Gearhart, 40, blames his Nov. 8 dismissal by Virginia-based Serco on what he terms "airport politics" and his public appeal before the Friedman Memorial Airport Authority to consider shortening tower operating hours so he could schedule more controllers during peak hours. He also suggested he might have somehow been held responsible for an April incident in which a transient Cessna 172 made an unauthorized landing at Friedman while the runway was closed for construction work, although Gearhart said he was on vacation at the time.
However, Steve Christmas, Serco vice president for aviation operations, told the Express that Gearhart's termination" had nothing to do with" incidents Gearhart cited in a letter Gearhart sent to the Sun Valley Pilots Association, whose president, Carlton Green, has been a periodic critic of Friedman management.

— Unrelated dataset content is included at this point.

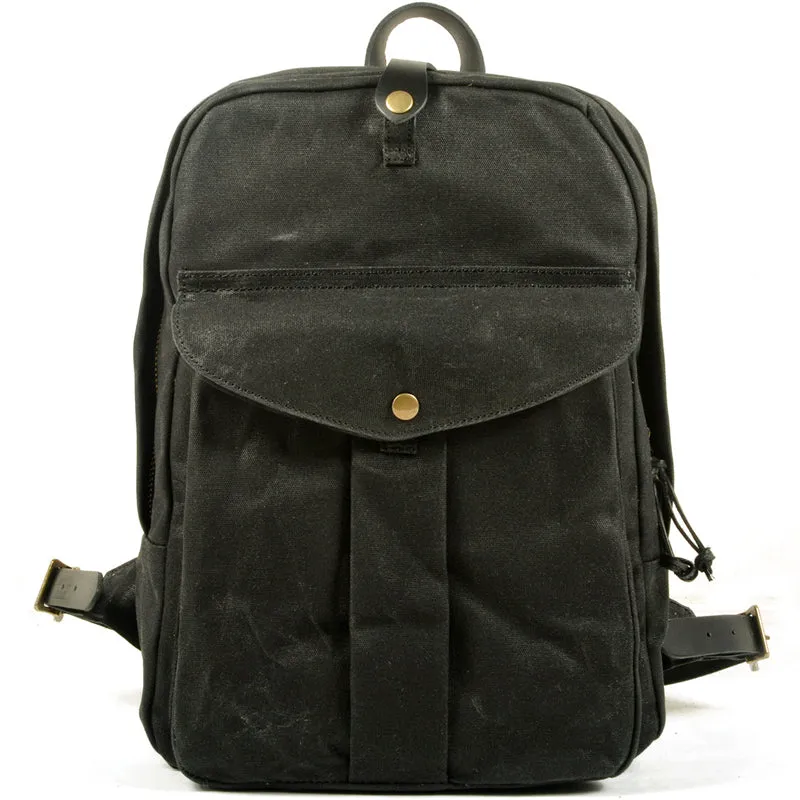 Retro Oil Wax Canvas Backpack School Bag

Christmas also said he could not discuss details.
Gearhart, meanwhile, has hired a Ketchum attorney, Cynthia Woolley, and said he was instructed to decline discussing his dismissal. Woolley did not return messages left at her office seeking comment. Gearhart declined to say how long he had been employed by Serco and other questions.
Although Gearhart declined to say what action his attorney is contemplating, Woolley has won several news-making job termination lawsuits in recent years.

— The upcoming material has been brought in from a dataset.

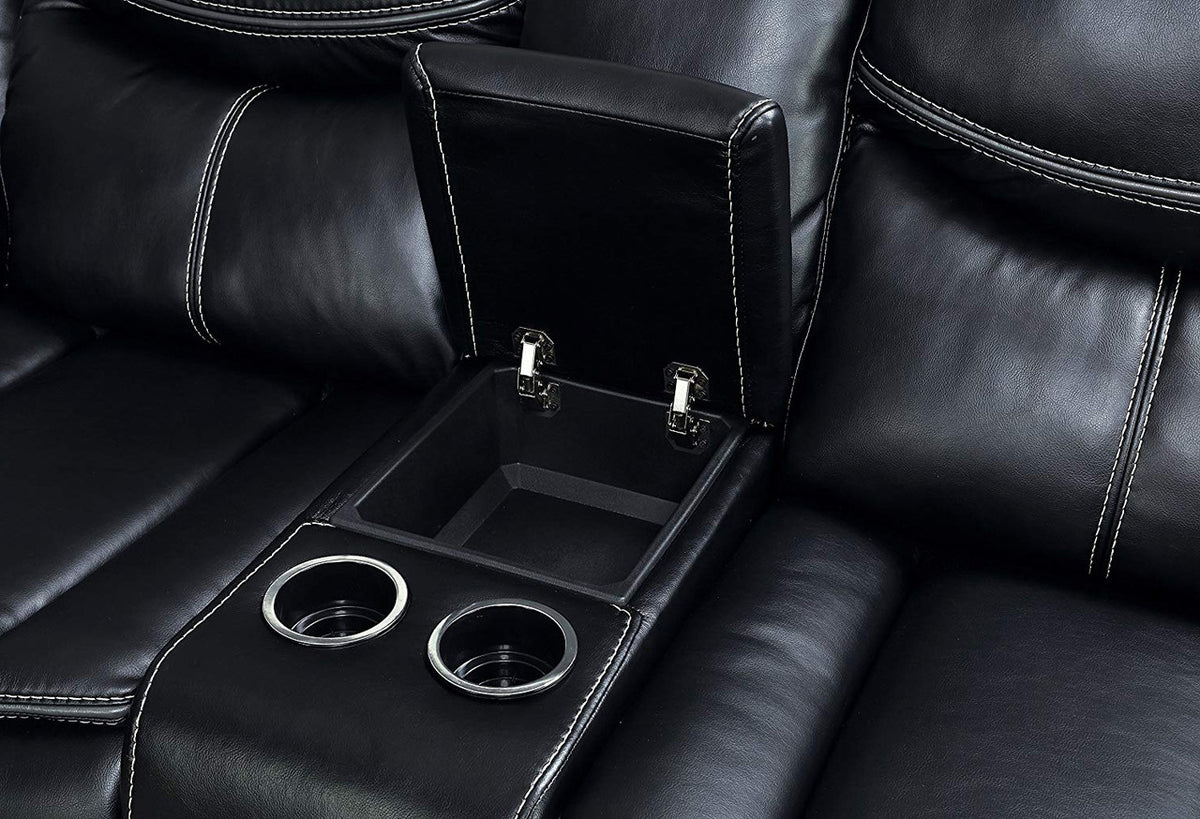 STEVAN Black 123" Wide Reclining Sectional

The tower operator, Serco, is a large corporation that specializes in management services for industry and government in a variety of fields. Its airport control tower contracts are funded by the Federal Aviation Administration.
In his letter, Gearhart complained that although "I used my position as air traffic manager to try and take care of my people and report safety concerns," he was wrongfully fired. He said Serco placed him on probation after he appeared in January before the airport authority asking operating hours to be reviewed.

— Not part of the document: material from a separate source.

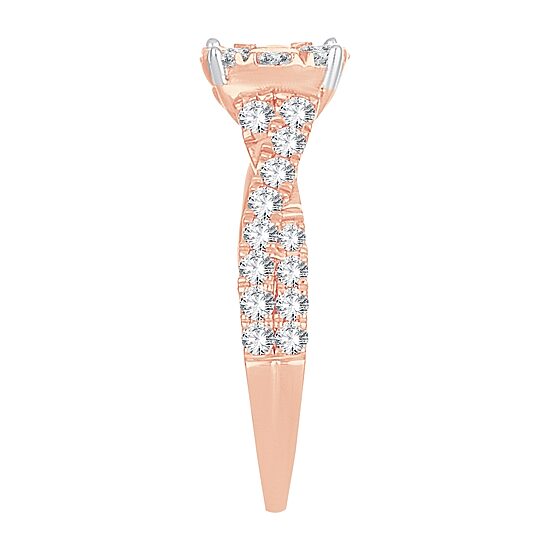 Womens 1 CT. T.W. Natural Diamond 14K Gold Round Engagement Ring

Gearhart also alleges "local airport management became upset because some of their privately owned primary and backup equipment was identified as unsatisfactory," adding that tower controllers "work with substandard equipment in a very complex operation." Gearhart declined to answer questions about the equipment charges.
He claimed, "I have been told by many of my FAA peers I was one of the only contract managers doing my job right."
Airport Manager Rick Baird, himself a former tower controller before joining the airport staff, said Gearhart never worked for him and had no knowledge of claims in the letter.